The current diversity statute confers subject matter jurisdiction on the federal courts where the amount in controversy exceeds $10,000 and the controversy is between "citizens of different States and in which citizens or subjects of a foreign state are additional parties." 28 U.S.C. § 1332(a) (3). The statute does not provide that diversity is destroyed if citizens of foreign states are both plaintiffs and defendants, and one commentator has recognized that "the language of Section 1332(a) (3) is broad enough to allow aliens to be additional parties on both sides of the dispute. Under this interpretation, jurisdiction would exist if a New Yorker, and a Canadian, sued a Californian, and a German, assuming, of course, that there was a legitimate dispute between the two Americans." C. Wright, A. Miller, and E. Cooper, Federal Practice and Procedure § 3604 at p. 610 (1975).

The authorities cited by Southwire do not support their position.
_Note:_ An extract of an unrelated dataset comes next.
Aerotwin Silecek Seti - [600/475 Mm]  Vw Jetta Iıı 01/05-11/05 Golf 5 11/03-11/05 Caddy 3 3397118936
Although Professor Moore states, "When there are alien parties on both sides of the controversy jurisdiction will be found lacking even though they are citizens of different foreign countries ...," 1 Moore's Federal Practice, ¶ 0.75[1.-2] at p. 709.6, the authorities cited by Professor Moore provide no support for that blanket conclusion, since none involved the situation wherein Americans of diverse citizenship were parties and the aliens were simply additional parties. (The cases decided prior to 1948 which are cited by either Moore or Southwire are not applicable because section 1332(a) (3) has no prior counterpart.)

The primary case relied upon by Southwire, Kramer v. Caribbean Mills, Inc., 394 U.S. 823, 89 S. Ct. 1487, 23 L. Ed. 2d 9 (1969), involved a controversy between two aliens, wherein one alien assigned his interest to an American citizen. That case, unlike the instant case, did not involve a controversy between citizens of different states with aliens also involved in the litigation. Southwire also seeks to find support in Lavan Petroleum Company v. Underwriters at Lloyds, 334 F. Supp. 1069 (S.D.N.Y.1971), which involved a suit by four American and two Iranian corporations against an English underwriting group, by quoting the following language, "Complete diversity is negated however by the presence as plaintiffs of the two alien corporations." 334 F. Supp. at 1071. However, the court was talking about subsection (a) (2), which speaks in terms of "citizens of a State and citizens or subjects of a foreign state." However, when addressing the jurisdictional requirement of subsection (a) (3), the court said, "[I]f the citizen corporations were involved in litigation with citizens of different states, the presence of the two alien plaintiff corporations would be jurisdictionally immaterial." 334 F. Supp. at 1071.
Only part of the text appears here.